## Input data

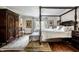 Main bedroom featuring a four-poster bed and large armoire at 10605 Winterwood, Carmel, IN 46032
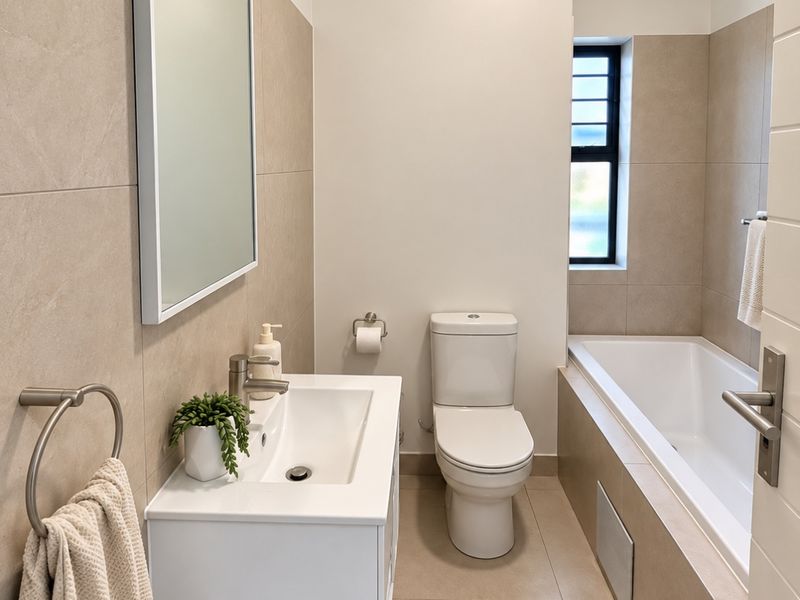 A modern, well-maintained bathroom featuring a wall-mounted vanity, a clean white basin, a toilet, and a tiled bathtub area with neutral finishes.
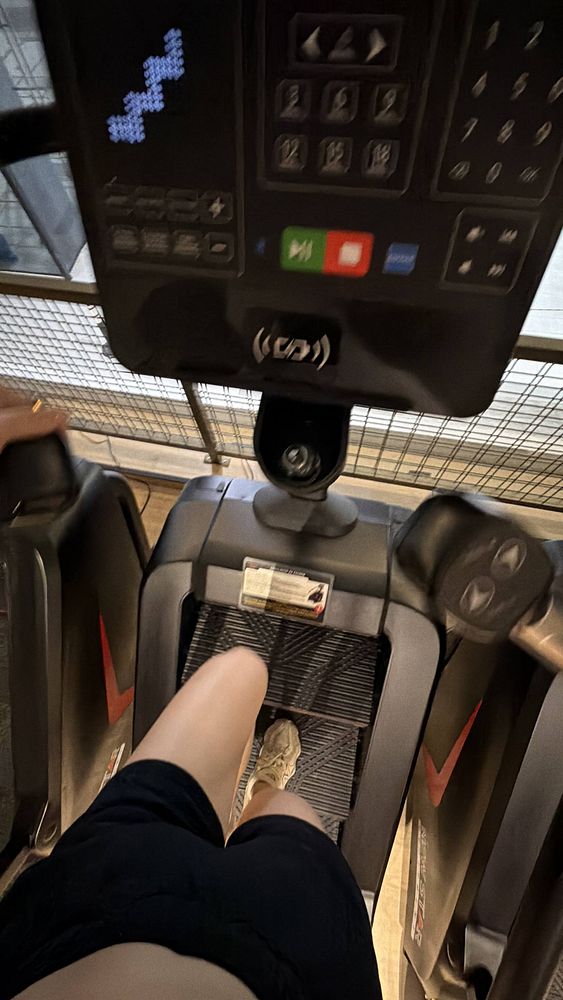 Photograph of a person lifting weights in a gym.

## Exercise goal
Line by line, give the material above again exactly, but without any pictures.

## Task output
 Main bedroom featuring a four-poster bed and large armoire at 10605 Winterwood, Carmel, IN 46032
 A modern, well-maintained bathroom featuring a wall-mounted vanity, a clean white basin, a toilet, and a tiled bathtub area with neutral finishes.
 Photograph of a person lifting weights in a gym.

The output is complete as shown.